As for the car bing a bit slow with the AC on....welll yes it will do that. And since you are in a 1.8T engine it will be more notacable than say on a 6L I6.
You may also want to get her a new set of rims and tires, the lighter your rim/tire the faster the car will accelerate and turnin. 
Good luck.

Lol, good idea to wait a year till Waterfest


----------



## shahram177 (Aug 5, 2003)

Is it an auto or a stick?
I had the unfortunate opportunity to drive a slush box bug once. When compared to my wifes manual NBS with it's 6 speed transmission it was a night and day difference.


----------



## Billsbug (Sep 15, 2004)

*Re: (shahram177)*


_Quote, originally posted by *shahram177* »_Is it an auto or a stick?
I had the unfortunate opportunity to drive a slush box bug once. When compared to my wifes manual NBS with it's 6 speed transmission it was a night and day difference.

Uh-oh.


----------



## shahram177 (Aug 5, 2003)

Mate my two cents.
If it's a slush box just give it a rest. 
Slap on new rims ( http://edgeracing.com/ ) on the car and forget about the chip. It adds about 30hp to the car but once that power makes it way past the slush box it won't all be there.


----------



## Billsbug (Sep 15, 2004)

*Re: (shahram177)*


_Quote, originally posted by *shahram177* »_Mate my two cents.
If it's a slush box just give it a rest. 
Slap on new rims ( http://edgeracing.com/ ) on the car and forget about the chip. It adds about 30hp to the car but once that power makes it way past the slush box it won't all be there. 

Relax dude.








I have, and always have, driven stick. HOWEVER, there's a certain someone who will pipe up on ur 'slush box' remarks.


----------



## shahram177 (Aug 5, 2003)

There are some real slush box lovers out there. And well, hay it's not my cup of tea. I prefer my crash box to a slush box any day. 
As for the edge racing, I swaped out my wifes NBS OEM rims with a nice set of aftermarket Enki rims and the car feels much faster.
May be a more practical method of solving your problem. Unsprung mass really does effect the behavior of a car.


----------



## shahram177 (Aug 5, 2003)

Hay just had a brain fart! 
If your wifes car is a slush box, maybe some one makes some sort of chip for that?
I'm sure right now it's set at being set up for the average driver. Maybe there is a chip that would push out the change points?


----------



## Billsbug (Sep 15, 2004)

*Re: (shahram177)*


_Quote, originally posted by *shahram177* »_
Slap on new rims ( http://edgeracing.com/ ) on the car and forget about the chip. It adds about 30hp to the car...

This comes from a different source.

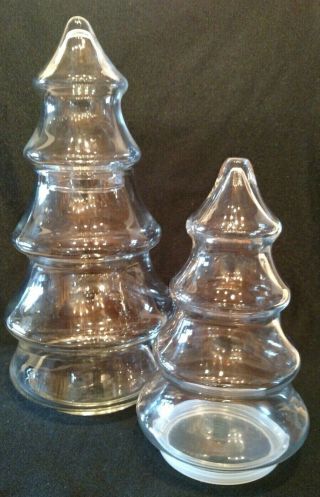 2 Vintage Clear Glass Pine Tree Shaped Jars Canisters Containers Christmas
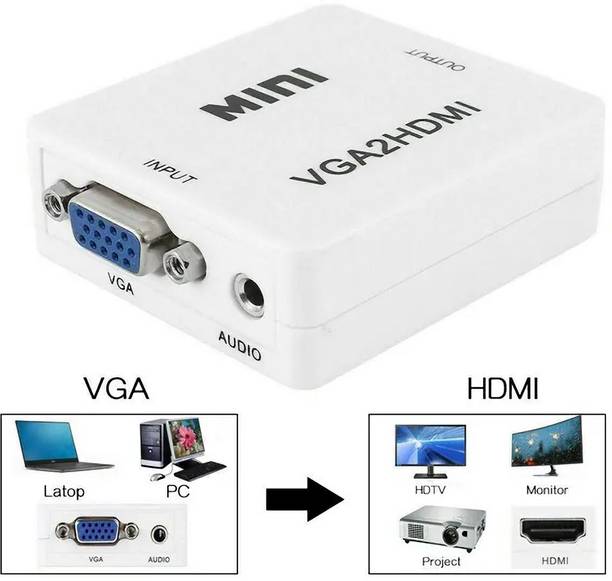 RRCART  TV-out Cable VGA to HDMI Adapter/Connector/Converter 1080p (Female to Female)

30 lbs of saved wheel weight, say 6 lbs per tire, does not equal 30hp in gains.




_Modified by Billsbug at 1:53 PM 11-13-2007_


----------



## Billsbug (Sep 15, 2004)

*Re: (shahram177)*


_Quote, originally posted by *shahram177* »_Hay just had a brain fart! 
If your wifes car is a slush box, maybe some one makes some sort of chip for that?
I'm sure right now it's set at being set up for the average driver. Maybe there is a chip that would push out the change points? 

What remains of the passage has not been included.